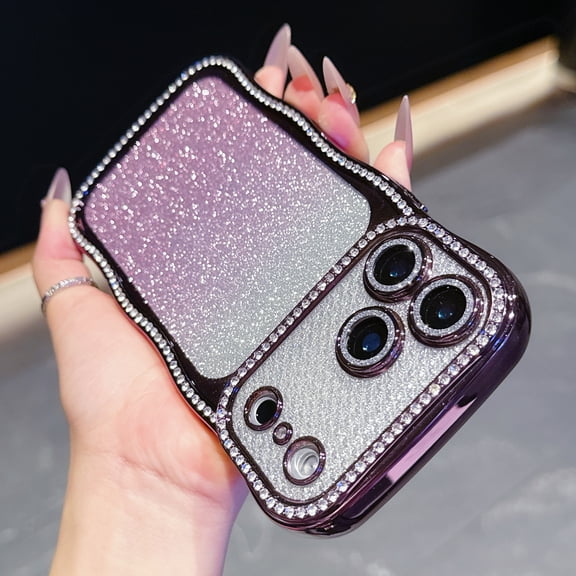for iPhone 15 Pro Max Glitter Wave Case, Electroplated Gradient Diamond Protective Cover with Lens Protector, Wireless Charging Compatible for Girls Women, Purple
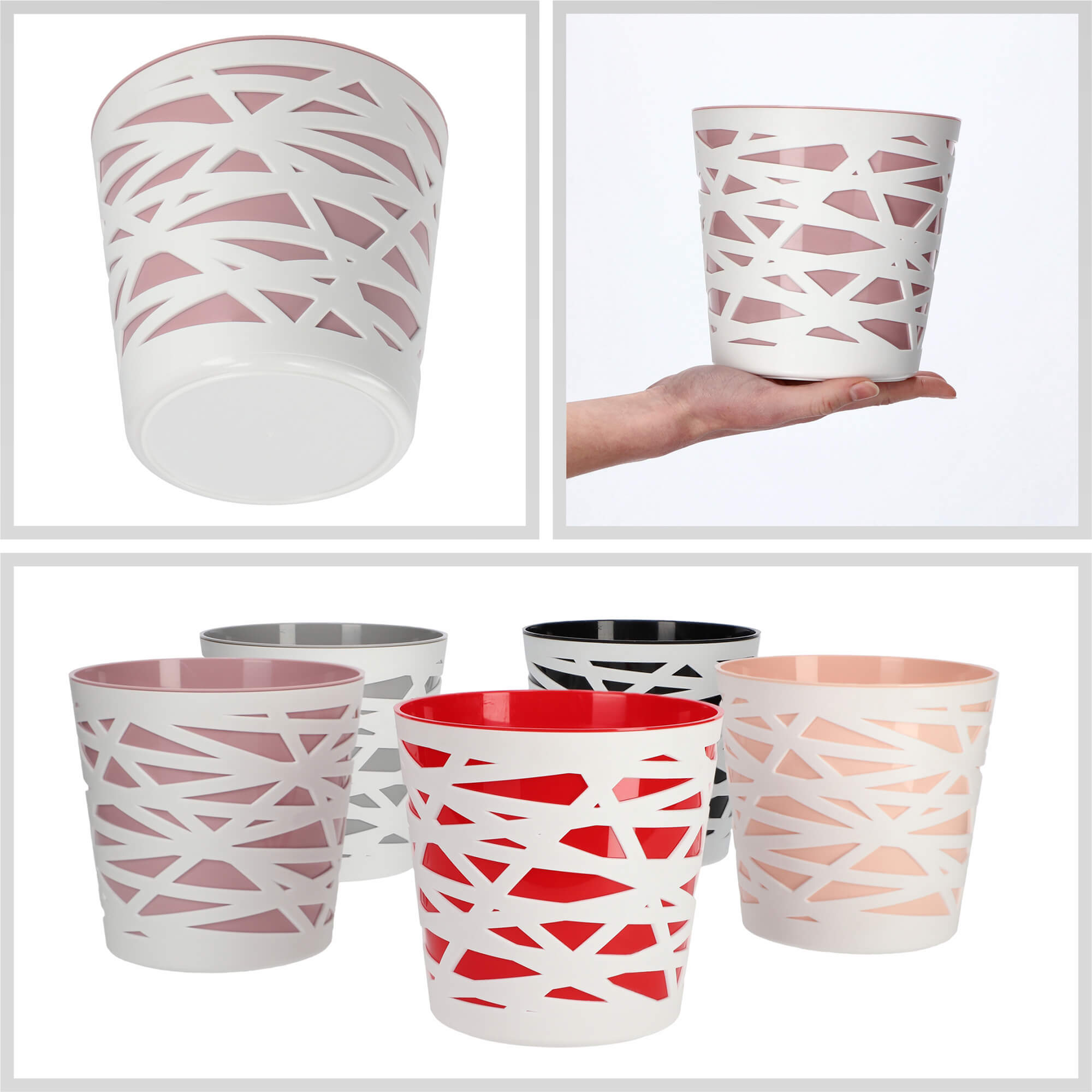 Doniczka z wkładem Rusio 15 cm, różowa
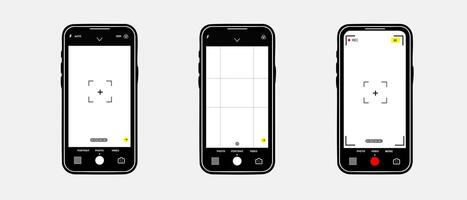 Mobile Camera App Interface. Smartphone Photo and Screen UI for Photography, Media Capture, and Application Design vector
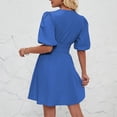 thumbnail image 5 of Dresses for Womens 2024 Plus Size Fashion V-Neck Puffy Sleeves Temperament Pleated High-waisted Mini Dress Solid Color Short-sleeved V-neck Dress, 5 of 5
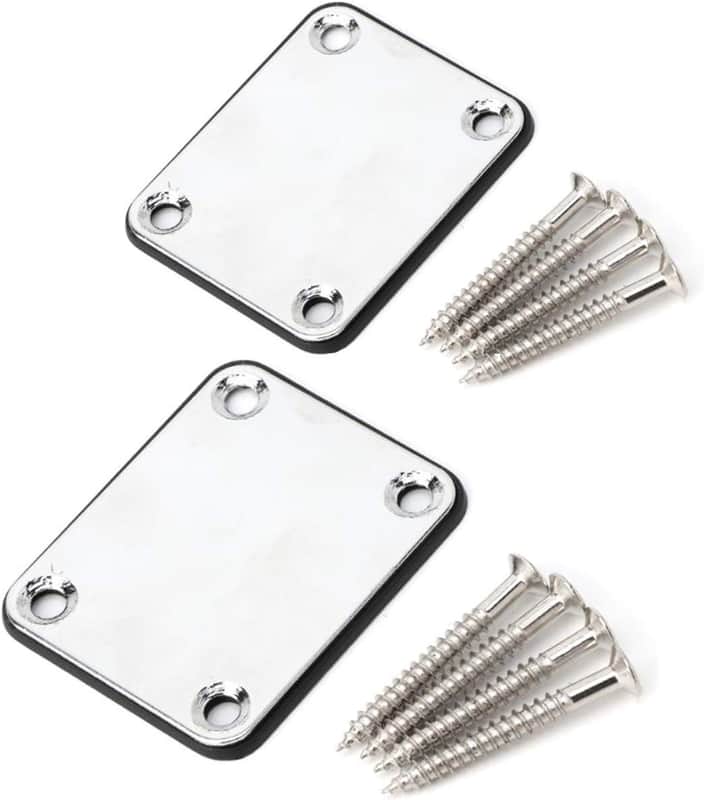 2 Pack Guitar Chrome Neck Plates with Screws for Electric Guitars, Strat Tele Style Guitar Cigar Box Guitar Parts Repair Replace image 1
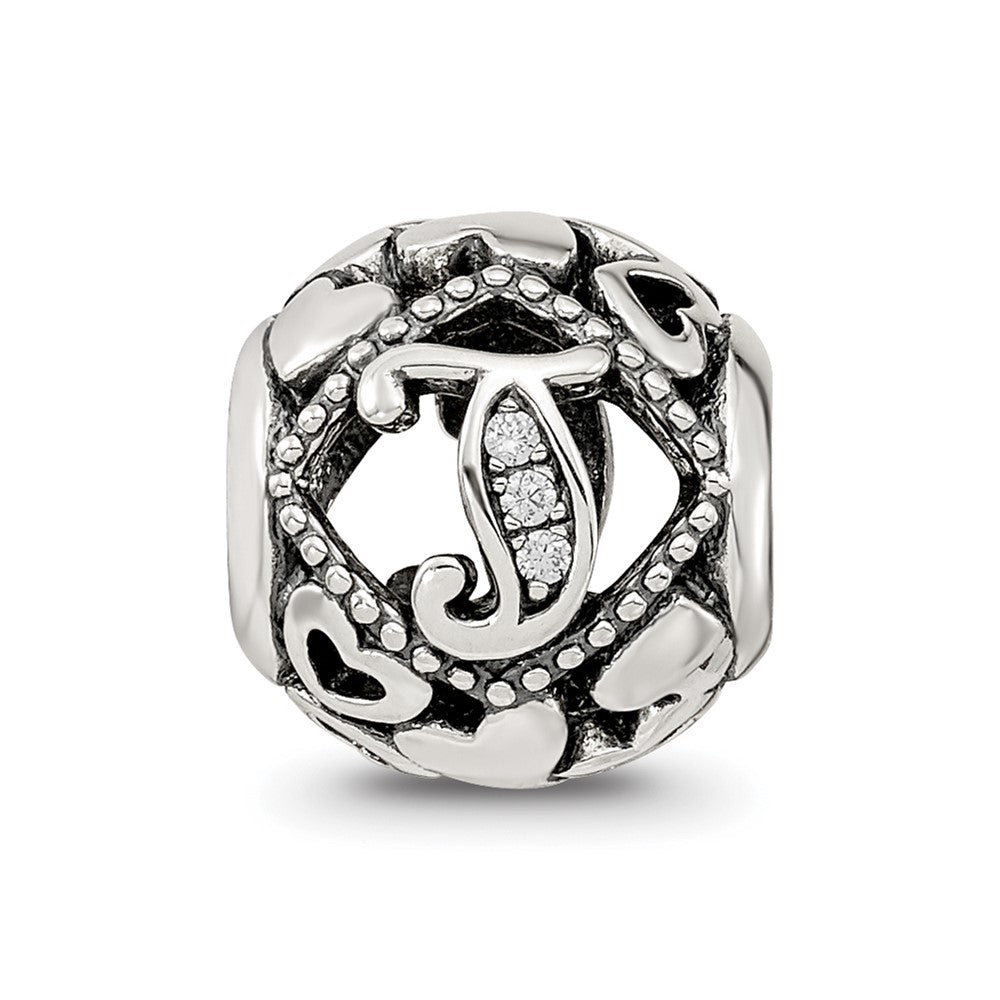Sterling Silver Reflections CZ Letter T Bead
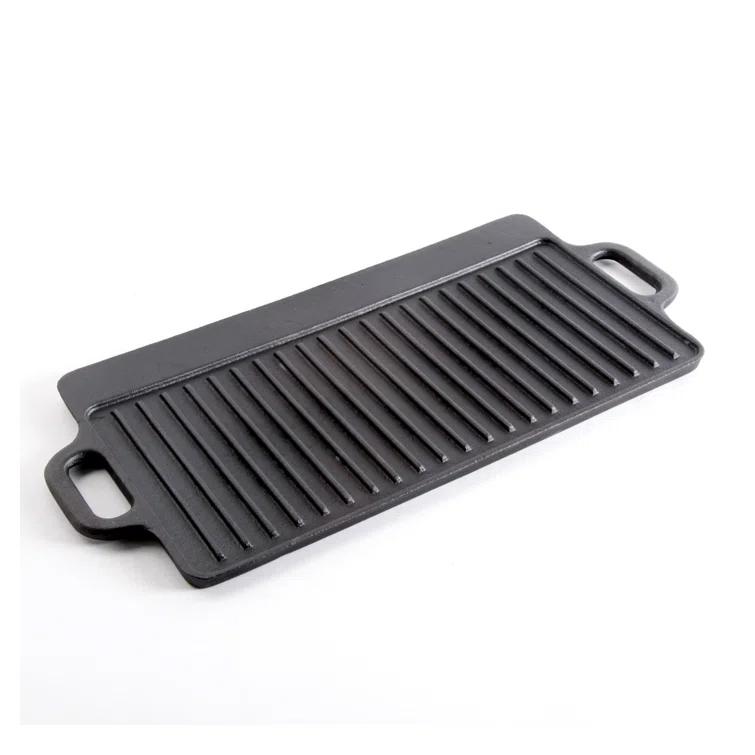 Gibson Gibson Addlestone 13 in. Cast Iron Rectangular Reversible Grill and Griddle Pan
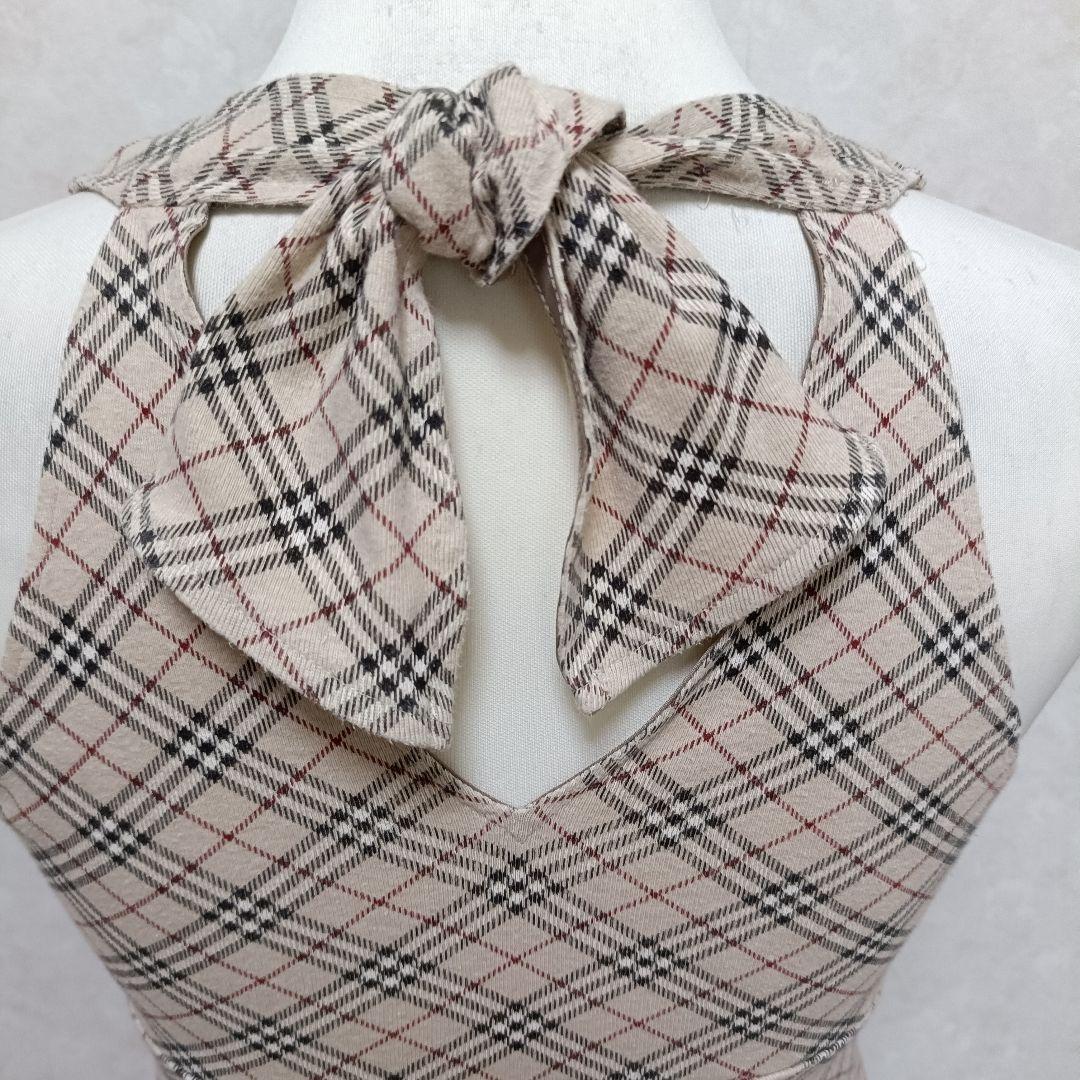バーバリーブルーレーベル ホルターネック風カットソー ノバチェック ホース刺繍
※
# Task statement:
Since the copy must hold no pictures, repeat everything else in the records exactly as written.

# Result below:
for iPhone 15 Pro Max Glitter Wave Case, Electroplated Gradient Diamond Protective Cover with Lens Protector, Wireless Charging Compatible for Girls Women, Purple
 Doniczka z wkładem Rusio 15 cm, różowa
 Mobile Camera App Interface. Smartphone Photo and Screen UI for Photography, Media Capture, and Application Design vector
 thumbnail image 5 of Dresses for Womens 2024 Plus Size Fashion V-Neck Puffy Sleeves Temperament Pleated High-waisted Mini Dress Solid Color Short-sleeved V-neck Dress, 5 of 5
 2 Pack Guitar Chrome Neck Plates with Screws for Electric Guitars, Strat Tele Style Guitar Cigar Box Guitar Parts Repair Replace image 1
Sterling Silver Reflections CZ Letter T Bead
 Gibson Gibson Addlestone 13 in. Cast Iron Rectangular Reversible Grill and Griddle Pan
バーバリーブルーレーベル ホルターネック風カットソー ノバチェック ホース刺繍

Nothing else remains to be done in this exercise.